By Leah Small
Virginia Center for Investigative Journalism at WHRO
“Because I tend the fig tree as earnestly as the dogwood and the pine
Because cinnamon and anise, cumin and cardamom inhabit my shelves and senses Because I bake both baklava and blueberry pie for my family
I am an Arab American
Because poems by Mahmoud Darwish and Lucille Clifton are my daily bread
Because both Ibn Khaldun and Howard Zinn explain the world to me
Because I'm awed by the blueness of the Atlantic Ocean and the Mediterranean Sea”
— Zeina Azzam, “I’m an Arab American”
Zeina Azzam, a Palestinian American who is poet laureate of Alexandria, writes longingly about her ancestral home in Palestine while celebrating her American identity, often peppering her English poetry with Arabic. Azzam, 68, came to the U.S. at the age of 10 after living in Homs, Syria and Beirut.
Her parents fled their home in Haifa in 1948 when Zionist paramilitary forces drove more than 750,000 Palestinians from their homes to establish the Israeli state. The Zionists were largely European Jews who themselves suffered through centuries of displacement, antisemitism, and genocide.

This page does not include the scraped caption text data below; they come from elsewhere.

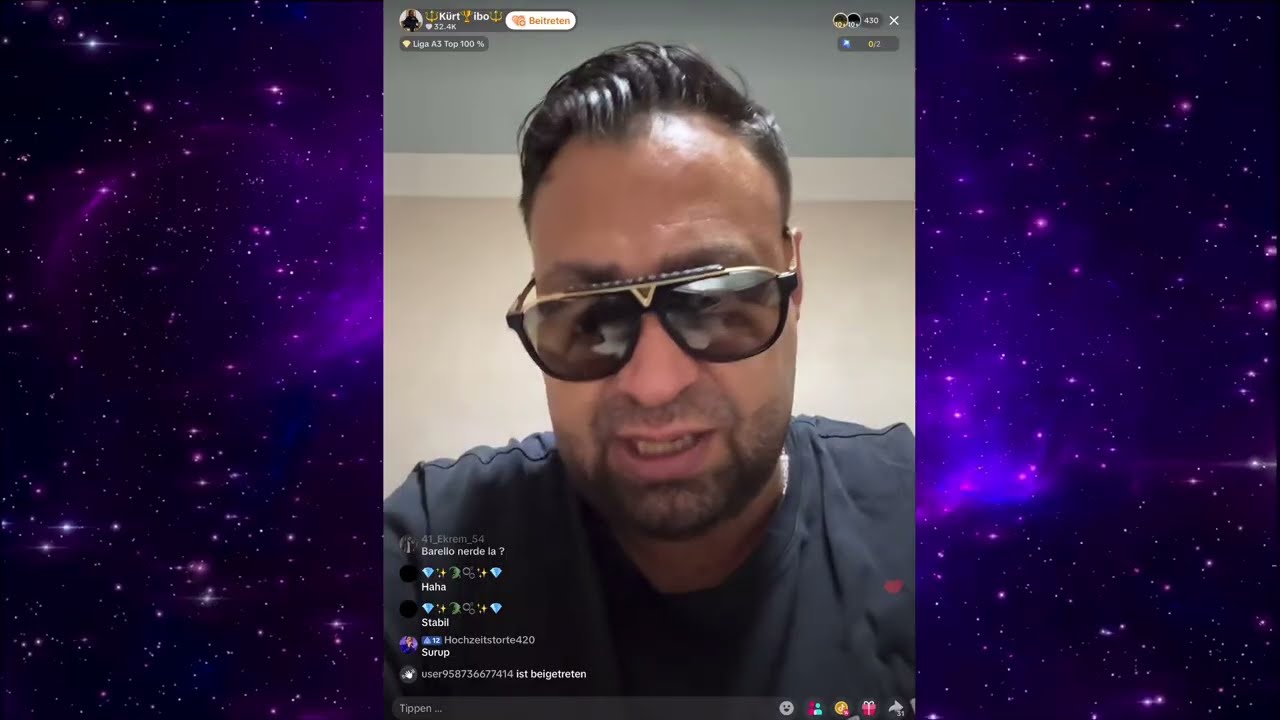 🔴 LIVE! K&uuml;rt Ibo XXXL 🤯 #tiktok #k&uuml;rtibo #zitatende #kurdistan #clan #europe #mafia #turkey #fypシ 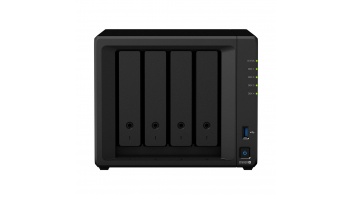 Synology | Tower NAS | DS920+ | up to 4 HDD/SSD Hot-Swap | Intel Celeron | Intel Celeron J4125 Quad Core | Processor frequency 2 GHz | 4 GB | DDR4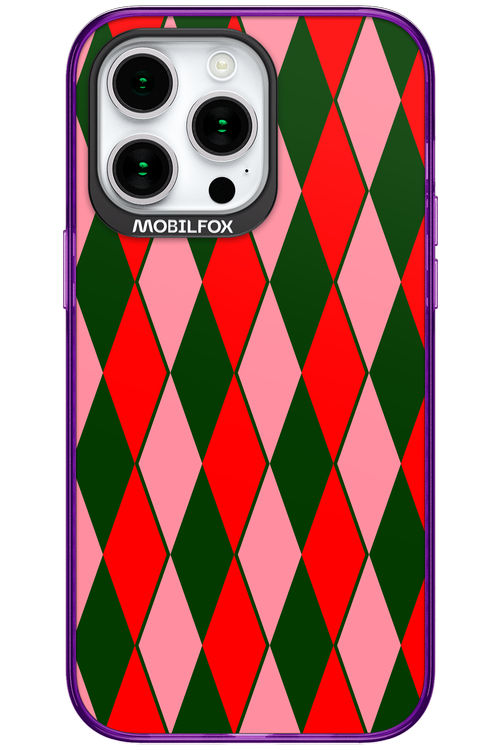 Retro Christmas - Apple iPhone 15 Pro Max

This mass displacement and dispossession of Palestinians is called Al Nakba, or The Catastrophe, and ignited a refugee crisis that’s lasted decades. Today, Israeli settlements continue to displace Palestinians in the West Bank. This history has fueled both Israel and Hamas to conduct violent strikes and retaliations.
Next month, VCIJ at WHRO will profile an Israeli-American.
Azzam has made a colorful and happy home in Alexandria, decorated with cultural emblems from the Arab World, fig trees and jasmine plants.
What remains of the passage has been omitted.